Files
logseq/docs/agent-guide/057-cli-sync-download-realtime-progress.md
2026-03-12 15:12:34 +08:00

18 KiB

057: Make logseq-cli sync download stream realtime progress and support long-running downloads

Summary

This document defines an execution-ready implementation plan for improving logseq-cli sync download for large graphs.

Today, the CLI waits for a single /v1/invoke response and uses a short default timeout. This creates two bad outcomes for large graph downloads:

  1. the terminal is silent while the snapshot is downloading and importing, and
  2. healthy long-running work may appear to fail because the CLI request timeout is too short.

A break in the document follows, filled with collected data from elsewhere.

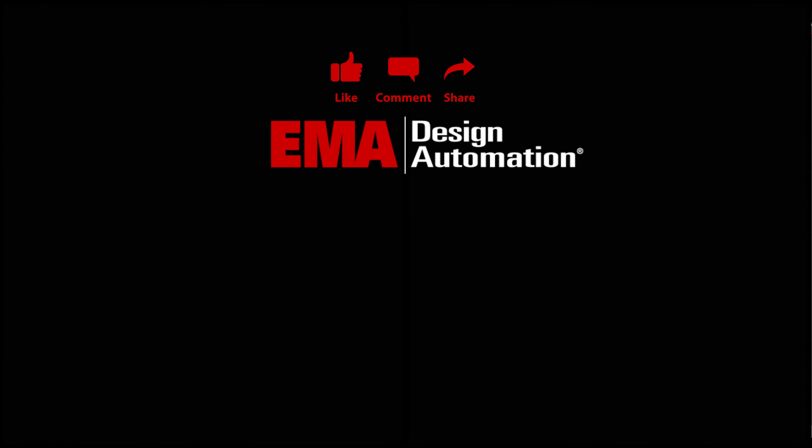For more tutorials, visit us at resources.emaeda.com and don't forget to like and subscribe our YouTube channel.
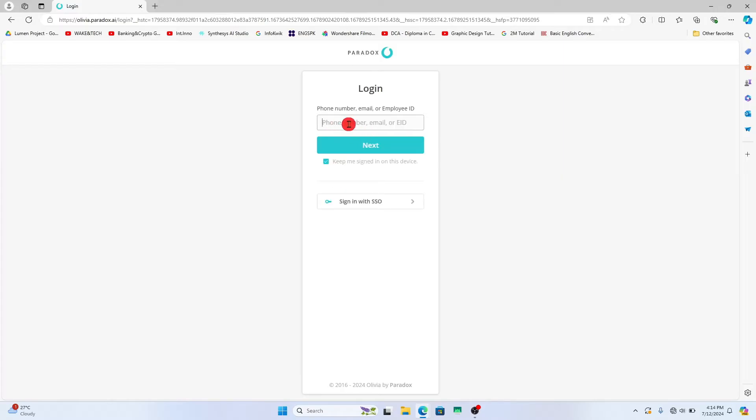Now if you log in using your credentials then just type in your phone number, email address or your employee ID and click on the next button. You will then be asked to enter your password.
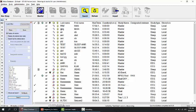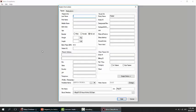In the NATUS database, click the arrow to the right of the New button and choose Sleep from the drop-down list. The study information window pops up. Enter patient demographic information in the Last Name and First Name boxes.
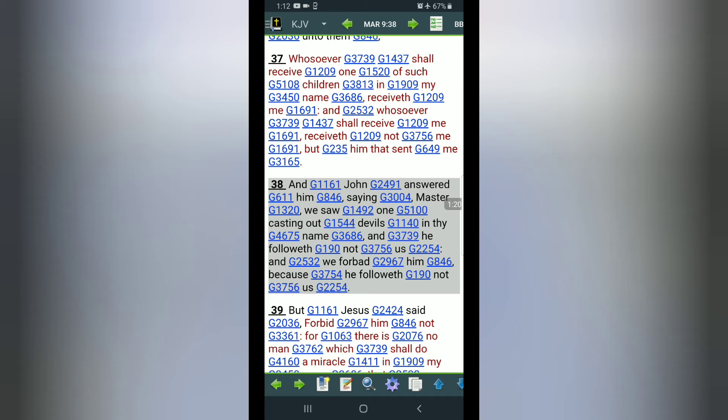And John answered him saying, Master, we saw one casting out devils in thy name and he followed not us. The focal point in this verse is follow. So they said he's seeing someone casting out devils in Yehaw Shah's name but did not follow Yehaw Shah. And we forbade him because he followed not us.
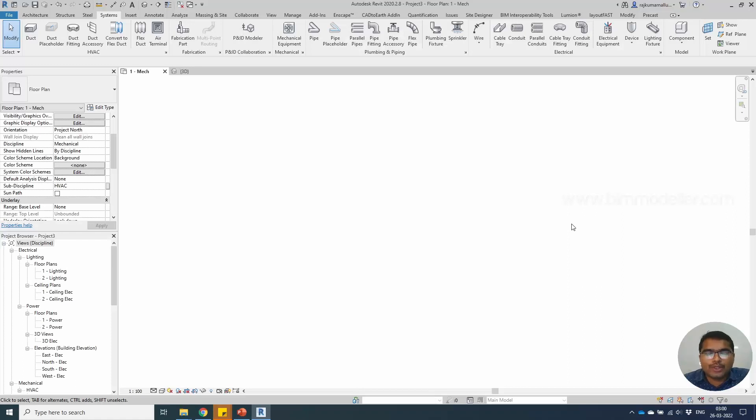Hello everyone, welcome to bimodeler.com. In this video tutorial, you will be learning how to create a new pipe type.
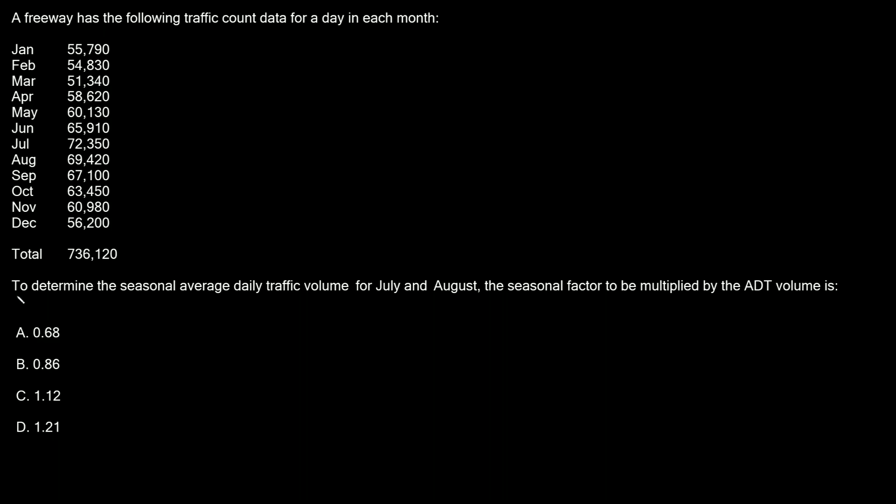The problem asks us to determine the seasonal average daily traffic volume for July and August, these two summer months. The seasonal factor to be multiplied by the ADT, which stands for average daily traffic, and then it gives us these four options.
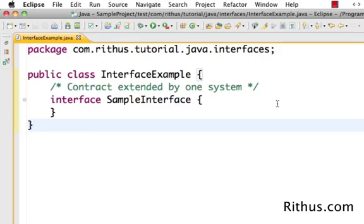Hi there, welcome to this Java tutorial from dptus.com. In this video, let's look at what is an interface, what is the need for an interface, and also what are the different things that you can do in an interface.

The implementation should reuse the existing sync log/event infrastructure already used by the app, instead of creating a separate CLI-only progress system.

Decision records (confirmed)

The following decisions are fixed for implementation:

  1. sync download timeout strategy uses a command-level long-running policy (not a global timeout increase).
  2. Progress logs are printed to stdout.
  3. Add --progress option for sync download.
  4. --progress defaults to true for human output.
  5. For structured output modes (for example json / edn), progress is automatically disabled unless the user explicitly passes --progress true.
  6. Download progress log emission should be unified into shared worker/sync code (no duplicate app-only emission path for the same milestones).

Problem statement

logseq-cli sync download already uses the same db-worker-node and worker sync stack that powers app sync behavior, but it does not currently reuse the realtime event stream.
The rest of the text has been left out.